Enem 2019: tema de redação politiza falta de acesso às artes, dizem professores

Professores dizem que democratização do acesso ao cinema é mais fácil que o tema do ano passado. Candidatos podem argumentar a partir da Constituição


postado em 03/11/2019 14:54 / atualizado em 03/11/2019 16:27

Reprodução/Inep
(foto: Reprodução/Inep)

 

A defesa do presidente Jair Bolsonaro de não politizar a redação do Exame Nacional do Ensino Médio (Enem) trouxe grande expectativa em relação ao tema.  Democratização do acesso ao cinema no Brasil é um tema social e a reflexão deve passar por uma avaliação crítica. Os professores ouvidos pelo Estado de Minas lembram que os candidatos devem fazer redação dissertativa, o que faz com que os argumentos passem necessariamento pela reflexão sobre à falta de acesso no país. "Todo tema do Enem é político, mas esse não deve levantar polêmica", afirma Janiny Nominato professora de redação da rede Chromos.

 

Janiny lembra que os alunos podem argumentar que a Constituição Federal de 1988 garante acesso pleno à cultura, inclusive ao cinema. Um caminho sugerido para problematizar é apontar que o acesso ao cinema ocorre de forma desigual entre as regiões do país.

"O argumento pode partir de um viés geográfico. No nosso país,  o Norte e Nordeste têm menos locais de acesso do que o Sul e o Sudeste", afirma. Ela lembra que o candidato precisa expressar opinião, sem ferir os direitos humanos.

 

Para ter uma boa pontuação o aluno deve apresentar uma proposta de intervenção. "O candidato pode apresentar alternativa para minimizar os impasses, os problemas relacionados ao tema. Ele pode sugerir a criação de um vale cinema ou pode solicitar ao governo criação de disciplina nas escolas para falar sobre cinema", diz Janiny. Ela não se surpreendeu com o tema, que inclusive foi trabalhado em sala com os alunos da Rede Chromos. 

 

Para Anna Carolina Araújo, supervisora de redação da rede Coleguium, o assunto surpreende, mas traz menos dificuldades que o do ano passado, quando o Inep colocou a “manipulação do comportamento do usuário pelo controle de dados da internet” em pauta.

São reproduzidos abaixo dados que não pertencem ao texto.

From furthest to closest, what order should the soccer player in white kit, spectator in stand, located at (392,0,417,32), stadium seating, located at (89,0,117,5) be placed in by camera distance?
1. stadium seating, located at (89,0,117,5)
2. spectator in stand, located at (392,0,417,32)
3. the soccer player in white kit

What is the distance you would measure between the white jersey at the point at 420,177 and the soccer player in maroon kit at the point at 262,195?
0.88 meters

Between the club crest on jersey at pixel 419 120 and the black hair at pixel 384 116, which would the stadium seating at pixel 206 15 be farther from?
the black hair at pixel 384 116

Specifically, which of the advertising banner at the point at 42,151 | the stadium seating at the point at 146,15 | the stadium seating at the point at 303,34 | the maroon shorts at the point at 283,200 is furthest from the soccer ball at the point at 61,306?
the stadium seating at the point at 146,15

“Foi uma surpresa. Eu não acho que estávamos esperando. Por coincidência ou não, trabalhamos esse tema, a importância do cinema para a cultura nacional. Eu fiquei satisfeita com a abordagem, porque não é um tema que venha a gerar muitos problemas, diferente do ano passado, que tivemos um tema bastante técnico, que limitou os meninos. Quando falamos de arte, os meninos conseguem desenvolver alguma coisa a respeito”, opina a professora.


Segundo Anna, uma estratégia que pode trazer sucesso aos estudantes é construir a argumentação a partir dos filmes nacionais de projeção mundial. “Faria uma introdução por flash, dando exemplos de filmes nacionais que alcançaram projeção internacional, mas que retratam realidades nacionais”, explica a especialista, citando títulos como “Cidade de Deus (2002)”, “O Auto da Compadecida (2000)” e “Central do Brasil (1998)”.

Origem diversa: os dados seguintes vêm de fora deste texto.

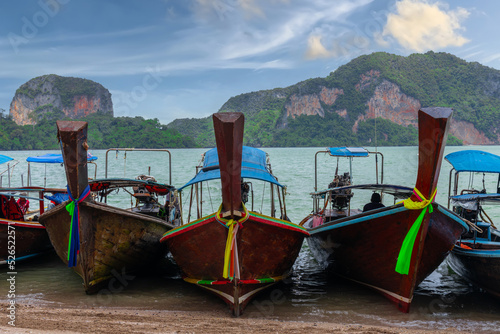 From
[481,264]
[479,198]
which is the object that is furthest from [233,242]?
[479,198]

Quanto a possíveis “pegadinhas”, Anna contou que uma dificuldade pode ser uma eventual referência ao Ministério da Cultura como agente fomentador do cinema. Isso porque a pasta deixou de existir no governo Jair Bolsonaro (PSL).


Por isso, o ideal é que o aluno se refira à Agencia Nacional do Cinema (Ancine). “Definir o agente é uma dificuldade, porque nem todo mundo conhece a Ancine, apesar dela ter vindo à tona recentemente, há dois meses, com polêmicas sobre filmes LBTBQ e censura. Quem falar da Ancine, com certeza, se deu muito bem”, ressalta Anna Carolina Araújo.

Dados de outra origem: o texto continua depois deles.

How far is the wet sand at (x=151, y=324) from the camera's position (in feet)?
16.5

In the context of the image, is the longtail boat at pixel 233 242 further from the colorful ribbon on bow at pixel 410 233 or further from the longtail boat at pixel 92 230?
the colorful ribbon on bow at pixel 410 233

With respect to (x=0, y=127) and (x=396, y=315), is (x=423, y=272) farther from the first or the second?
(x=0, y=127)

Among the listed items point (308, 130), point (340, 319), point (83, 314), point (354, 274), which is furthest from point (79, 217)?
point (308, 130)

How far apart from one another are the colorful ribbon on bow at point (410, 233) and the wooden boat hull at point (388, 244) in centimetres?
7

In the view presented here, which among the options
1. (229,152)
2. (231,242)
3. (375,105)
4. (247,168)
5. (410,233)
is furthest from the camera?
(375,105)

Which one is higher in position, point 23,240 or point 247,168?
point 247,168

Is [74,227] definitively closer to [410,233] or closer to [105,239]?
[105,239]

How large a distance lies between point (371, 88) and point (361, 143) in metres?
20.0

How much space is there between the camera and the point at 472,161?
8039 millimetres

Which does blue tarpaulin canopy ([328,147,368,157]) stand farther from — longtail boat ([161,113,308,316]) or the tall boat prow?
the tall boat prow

Outro possível erro, segundo Anna Carolina, é que o estudante se concentre na arte como um todo, de maneira ampla, e desvie do assunto principal, que é o cinema como transformador social.


A professora ainda pontua a necessidade do pautar políticas públicas para facilitar o acesso da população em vulnerabilidade social ao cinema.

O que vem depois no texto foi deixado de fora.